Der zerknirschte Star

Der bekannteste Partygast war Filipp Kirkorow , ein Superstar des russischen Showbusiness, seit Jahrzehnten als Sänger und Moderator im Fernsehen omnipräsent, ein extravaganter Paradiesvogel, der bisher nach dem Prinzip „auffallen um jeden Preis“ gelebt hat.

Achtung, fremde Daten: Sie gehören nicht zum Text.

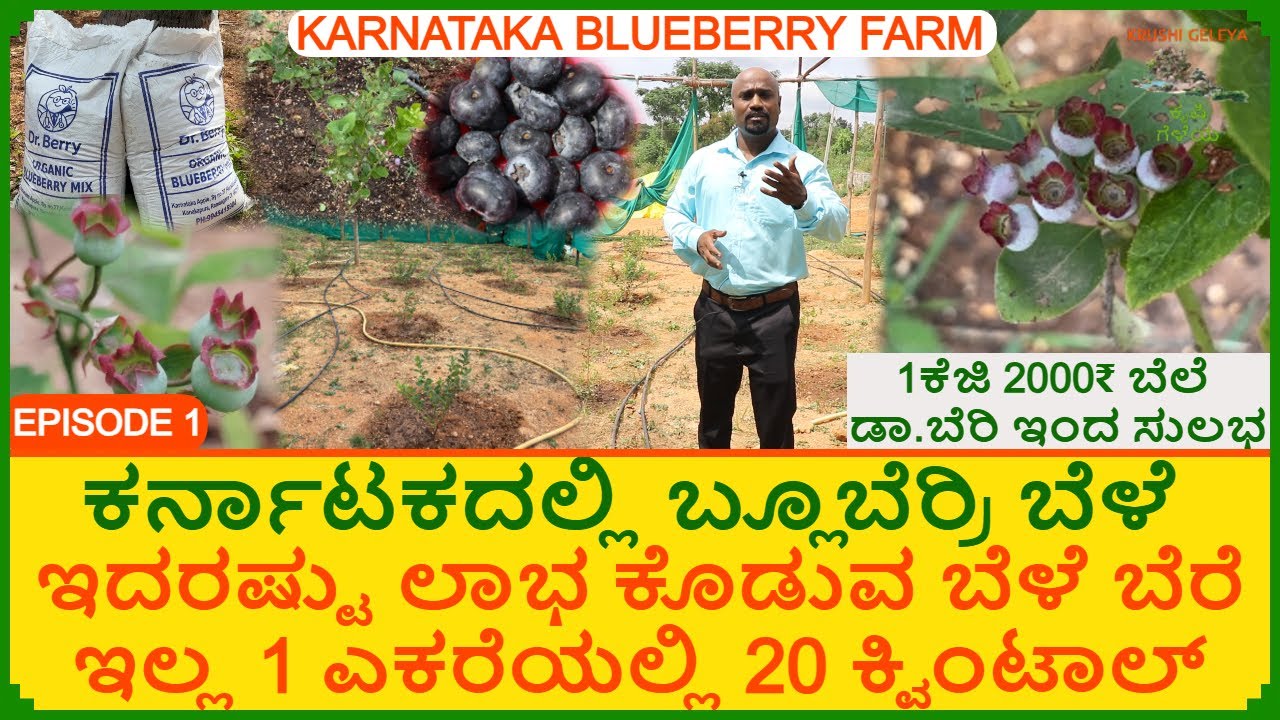 ಕರ್ನಾಟಕದಲ್ಲಿ ಬ್ಲೂಬೆರ್ರಿ ಬೆಳೆ 2000/ಕೆಜಿ 1 ಎಕರೆಯಲ್ಲಿ 20 ಕ್ವಿಂಟಾಲ್ ಇದರಷ್ಟು ಲಾಭ ಬೆರೆ ಬೆಳೆ ಇಲ್ಲ Blueberry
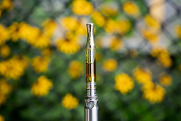 Vape Pen with yellow flowers blurred in backdrop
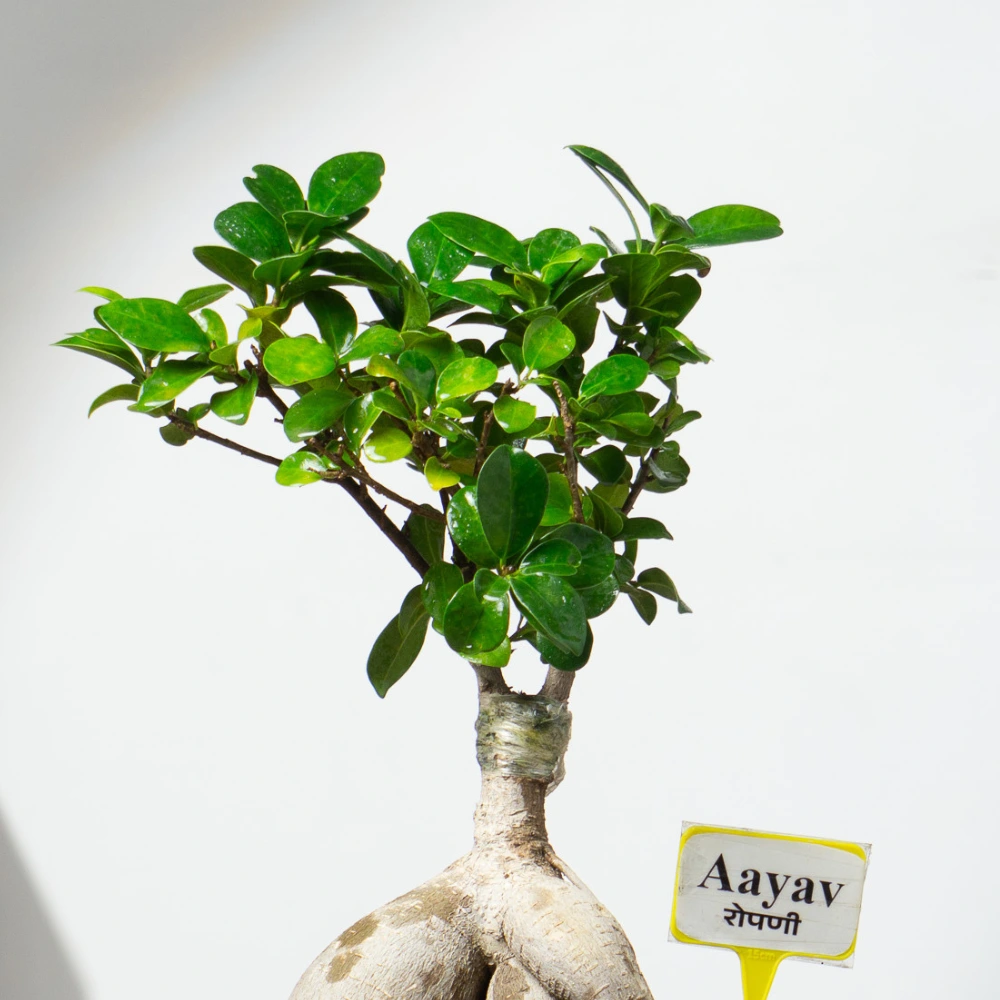 product-gallery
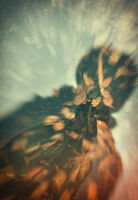 Кървите на есента; Коментари:6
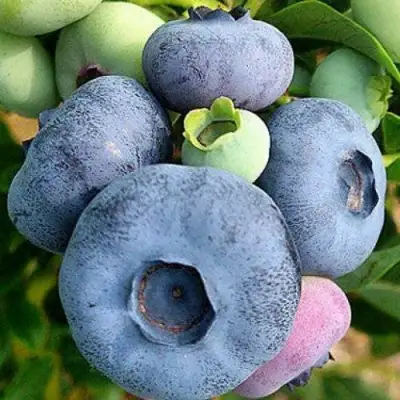 Голубика ПАТРИОТ в Кобрине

Sein protziger Lebensstil, allerlei Skandale und selbst die ambivalente Sexualität (2021 erschien er bei einer Preisverleihung hochzeitlich gewandet mit einem Freund als seinem „Bräutigam“ – wie ernst das gemeint war, blieb offen) hatten ihm bisher nicht geschadet, eher im Gegenteil.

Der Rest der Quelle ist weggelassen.